Exercise: Begin at the line that holds "Citroen Berlingo 2019" and retype every line through the end of the material, both included. Leave out the pictures.

Data in this exercise:
━━━━━━━━━━━━━━━━━━━━

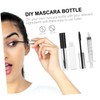 TOVINANNA 12pcs Empty Diy Mascara Tubes 10ml Portable Refillable Containers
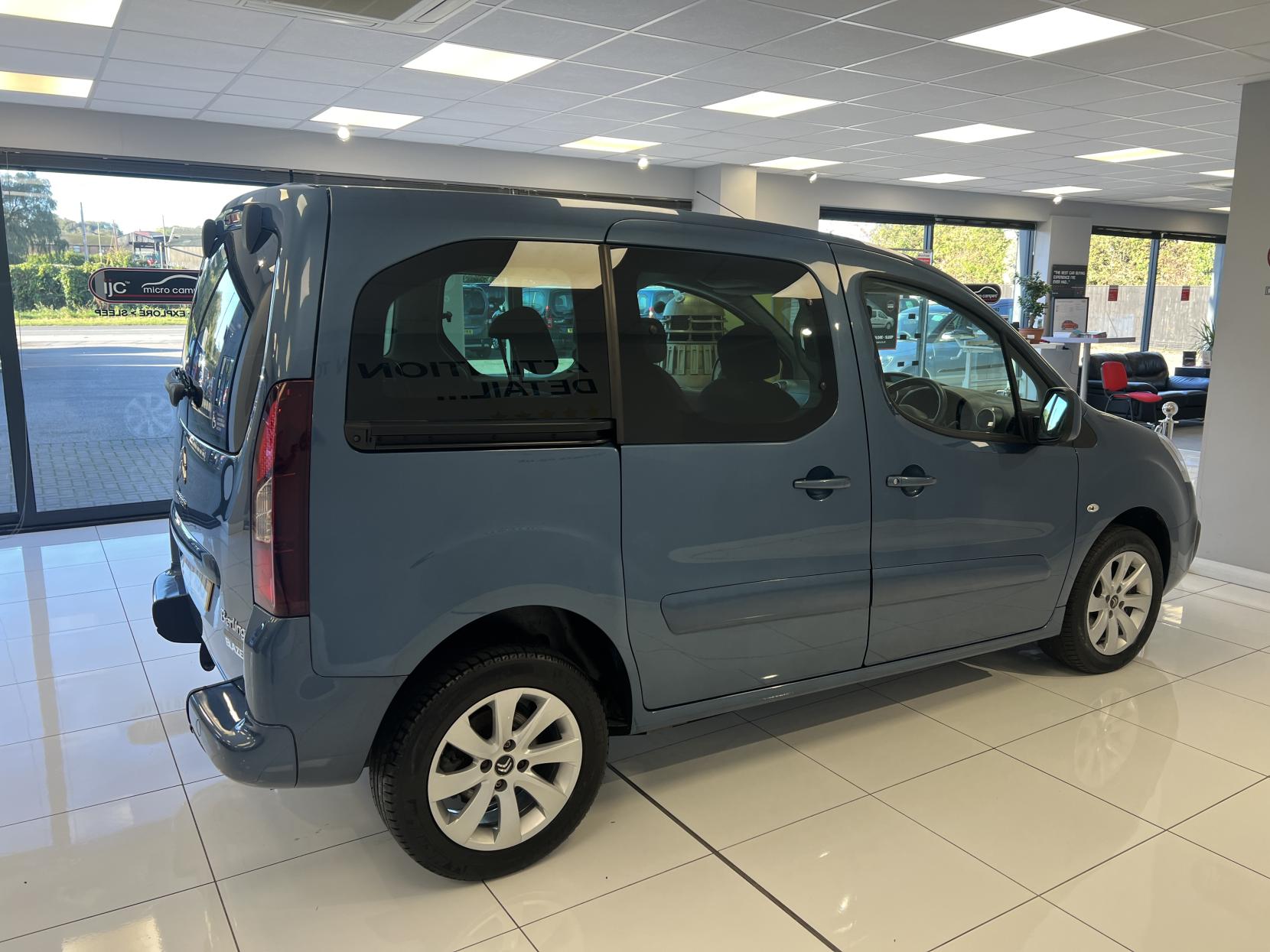 Citroen Berlingo 2019 Wheelchair Adapted Vehicle with Winch 3 seats carries 4 in total - 1.6 BlueHDi Feel Multispace MPV 5dr Diesel Manual Euro 6 (100 ps)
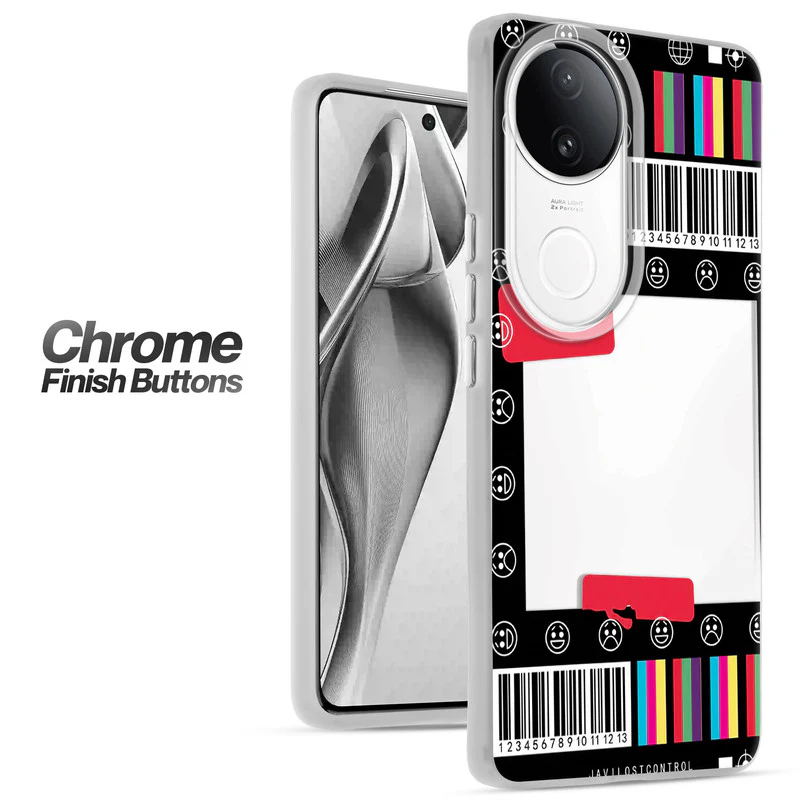 Designer Cover Case with Customizable Transparent Slot for Personalised Photos For Vivo V50e 5G - Image 11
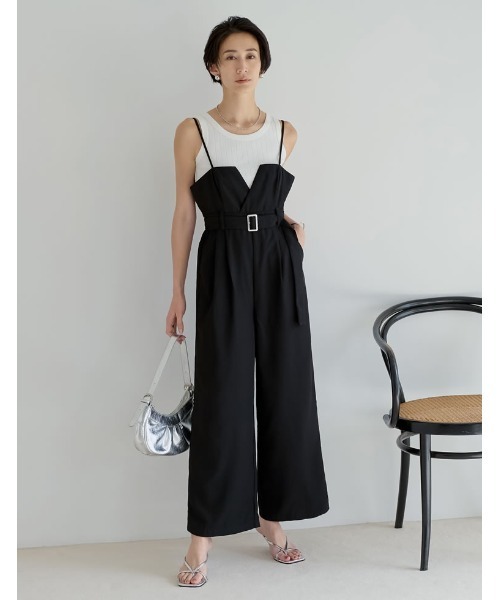 Re:EDIT（リエディ）の「[神山まりあさん着用][2024SS COLLECTION]2WAYハーフムーンハンドバッグ（ハンドバッグ・レディース・ホワイト/ブラック/ブルー/キャメル/シルバー・FREE）」の17枚目の写真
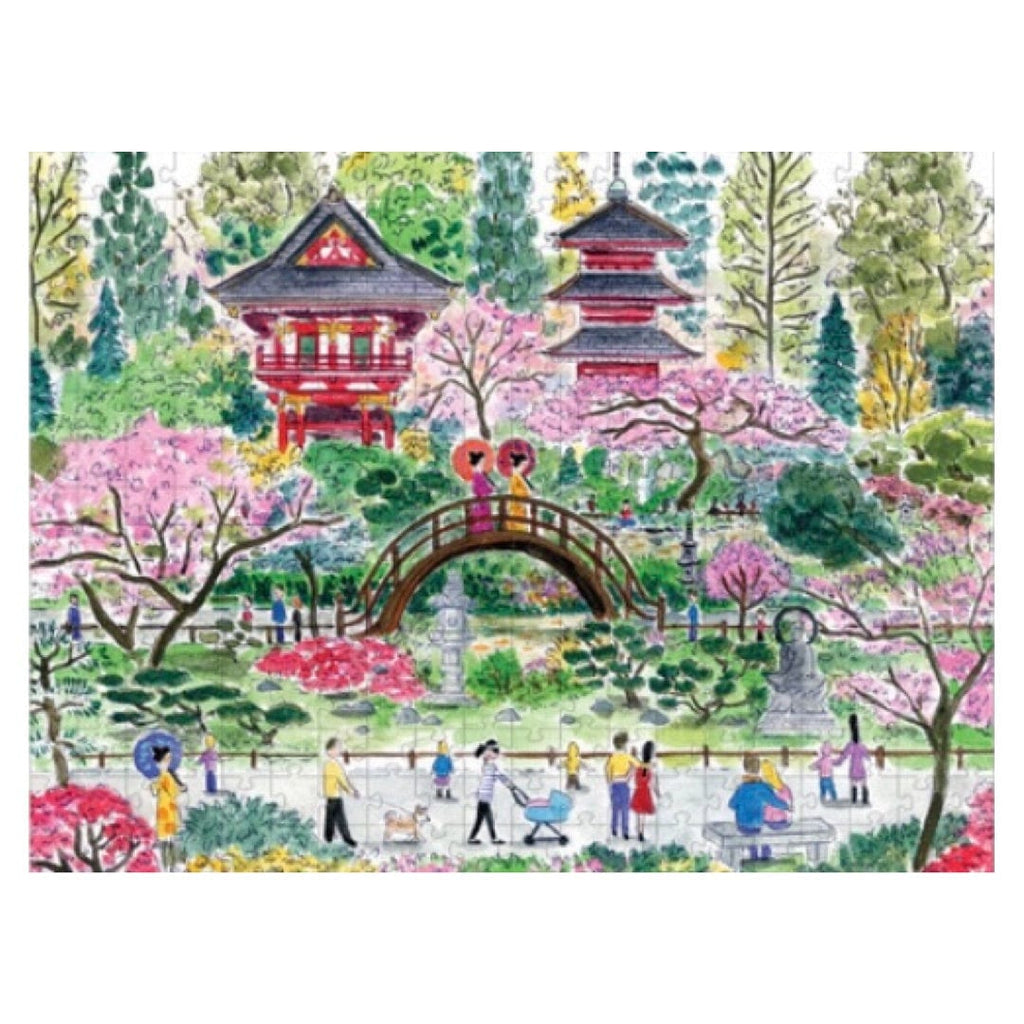 Galison 8 Plus 300 Pc M Storrings Puzzle - Japanese Garden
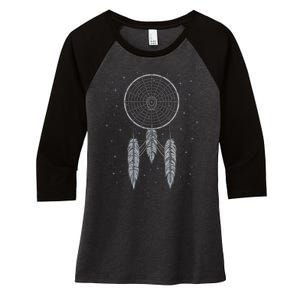 To Boldly Dream Women's Tri-Blend 3/4-Sleeve Raglan Shirt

━━━━━━━━━━━━━━━━━━━━

Task answer:
 Citroen Berlingo 2019 Wheelchair Adapted Vehicle with Winch 3 seats carries 4 in total - 1.6 BlueHDi Feel Multispace MPV 5dr Diesel Manual Euro 6 (100 ps)
 Designer Cover Case with Customizable Transparent Slot for Personalised Photos For Vivo V50e 5G - Image 11
 Re:EDIT（リエディ）の「[神山まりあさん着用][2024SS COLLECTION]2WAYハーフムーンハンドバッグ（ハンドバッグ・レディース・ホワイト/ブラック/ブルー/キャメル/シルバー・FREE）」の17枚目の写真
 Galison 8 Plus 300 Pc M Storrings Puzzle - Japanese Garden
 To Boldly Dream Women's Tri-Blend 3/4-Sleeve Raglan Shirt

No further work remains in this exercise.